La strategia dell’emergenza
Ejaz Ahmad 10 ottobre 2008

Eccoci serviti: il razzismo è legale.
La paura dell’altro va a sostituire la machiavellica strategia della tensione utilizzata dalla prima Repubblica. Sempre necessaria ai potenti per riempire vuoti di idee e risoluzioni disattese. Gli episodi gravi, anzi gravissimi, di violenza, che riempiono quotidiani e talk show negli ultimi tempi, sempre più spesso hanno come protagonisti “l’altro”. I dibattiti ruotano sul “noi” e sul “voi”. La parola d’ordine è stato d’emergenza. Emergenza sbarchi, emergenza clandestini, emergenza Rom, emergenza Islam. Emergenza sempre emergenza. Ed ecco la nuova crociata di un’Italietta che non riesce a diventare grande. Un razzismo preconfezionato per chiudere le falde di un futuro senza futuro, di una gioventù costretta a galleggiare su di un mare di mediocrità. Un razzismo necessario per contenere i sogni che non si potranno mai realizzare. E chi meglio dello straniero, il male venuto da fuori, può incarnare e rendere visibile il disagio?

Un popolo che non sia in grado di controllare l’aggressività è costretto all’oblio.
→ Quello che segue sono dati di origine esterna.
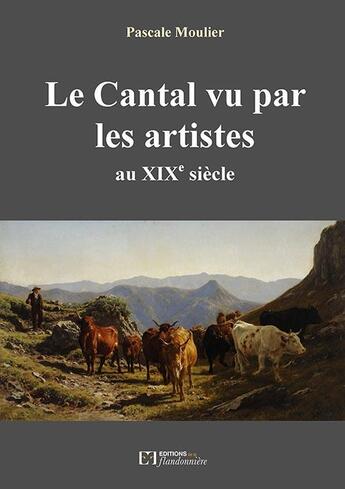 Couverture du livre « Le Cantal vu par les artistes au XIXe siècle » de Pascale Moulier aux éditions Flandonniere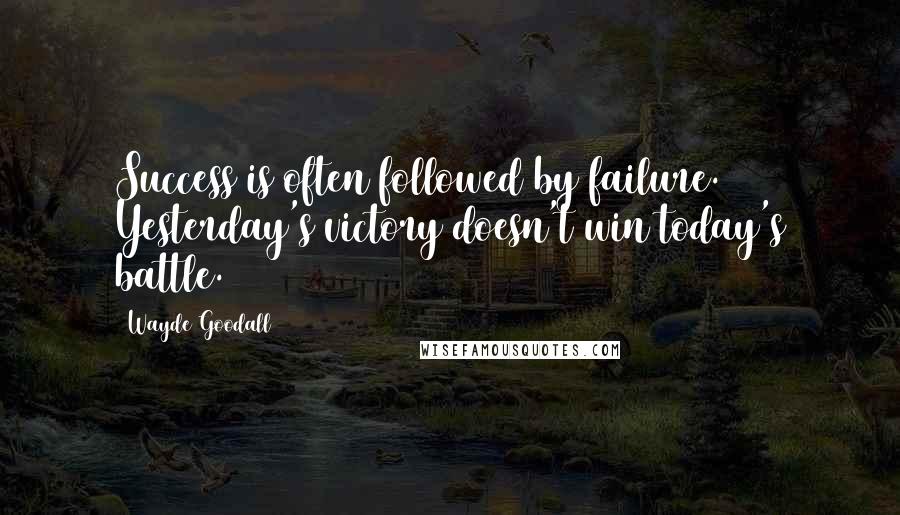 Wayde Goodall quotes: Success is often followed by failure. Yesterday's victory doesn't win today's battle.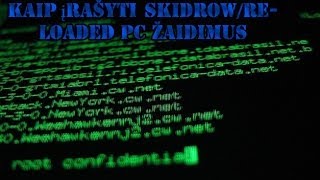 [Pamokos][Kaip įrašyti  SKIDROW/RELOADED PC žaidimus]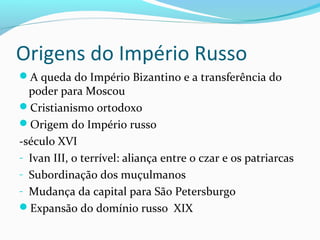 Origens do Império Russo
A queda do Império Bizantino e a transferência do
poder para Moscou
Cristianismo ortodoxo
Origem do Império russo
-século XVI
- Ivan III, o terrível: aliança entre o czar e os patriarcas
- Subordinação dos muçulmanos
- Mudança da capital para São Petersburgo
Expansão do domínio russo XIX
 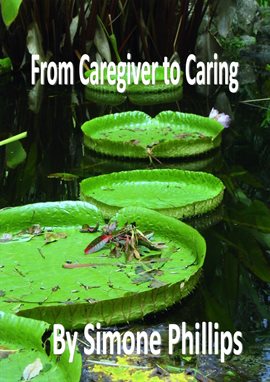 Cover image for From Caregiver to Caring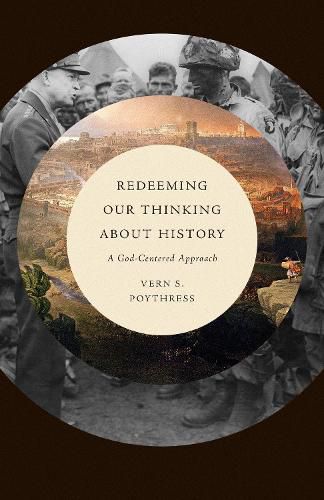 Cover image for Redeeming Our Thinking about History: A God-Centered Approach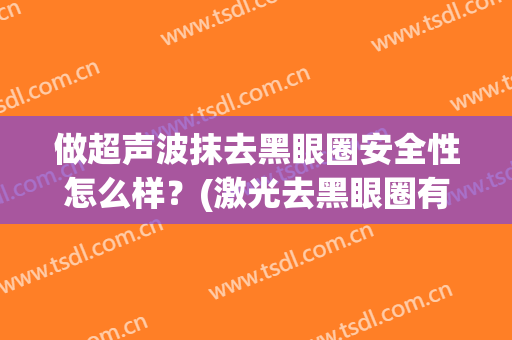 做超声波抹去黑眼圈安全性怎么样？(激光去黑眼圈有效果吗 会反弹吗)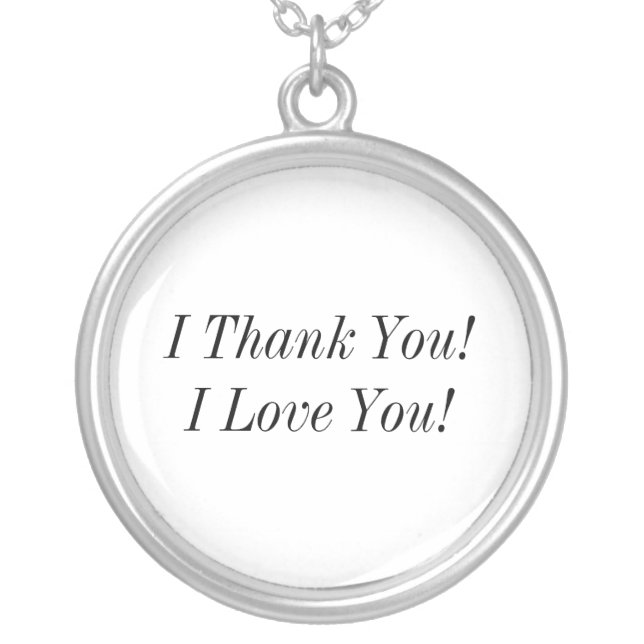 I Thank You!I Love You! Silver Plated Necklace (Front)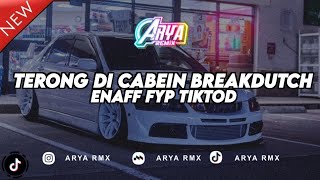 DJ TERONG DI CABEIN BREAKDUTCH FT [ GSY FVNKY RMX ]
E l’aggravante in questo contesto è “futili motivi”. Ma, allora: militanza. Raccogliamo le forze buone e organizziamo una Resistenza. Noi e voi tutti compatti. Facciamo che le parole, regole, legalità e doveri siano da contrappeso a parole come giustizia, diritti e convivenza civile. Perché i sogni dei ragazzi italiani sono gli stessi dei ragazzi nati da genitori stranieri ma cresciuti nel Bel Paese. Senza compassione non c’è integrazione. Integrazione che non sia un’assimilazione, ma partecipazione. Il premio Nobel Amartya Sen sostiene che quando gli immigrati votano i partiti xenofobi cominciano a cambiare gli slogan. E chi ha paura della visibilità politica dei nuovi cittadini sa che questa potrebbe essere la strada giusta verso un cammino di convivenza. L’America, per arginare i conflitti etnici, prepara i leader delle diverse comunità con corsi di mediazione. In Italia, invece, nascosti dietro a “stranieri go home” facciamo finta di credere che gli immigrati non servano a far sopravvivere questo Paese che invecchia. Molti lavorano, alcuni delinquono, i problemi esistono e ne siamo consapevoli. Ma non è con l’emarginazione e la repressione che ne usciremo. Non con una giustizia a due binari, con l’aggravante di “clandestino”. Chi sbaglia paga, questo è chiaro, “la responsabilità penale è personale” recita la Costituzione.

Però cambiare il linguaggio, questo sì che è una forza. Immigrato, clandestino, extracomunitario sono ancora sinonimi di brutto sporco e cattivo. Tutti chiamati in causa, mass media, scuola, istituzioni, chiunque detenga un potere sulle menti ha il dovere di riflettere sulle parole, che non sono solo un ammasso di sillabe, ma significato e significante. Ed è proprio il significante che riempie l’immaginario collettivo di incubi e mostri, tanto da rendere sopportabile e legale azioni violente. Ripartiamo dalla scuola per dare il via ad una cultura della intercultura che può solo aggiungere e nulla sottrae. Insegniamo la storia dei milioni di emigrati italiani in giro per il mondo partiti per inseguire il sogno di una vita possibile al di là della sofferenza. Un sogno divenuto staffetta, che nei secoli passa di mano in mano. E che prima o poi toccherà a tutti, perché questa è storia.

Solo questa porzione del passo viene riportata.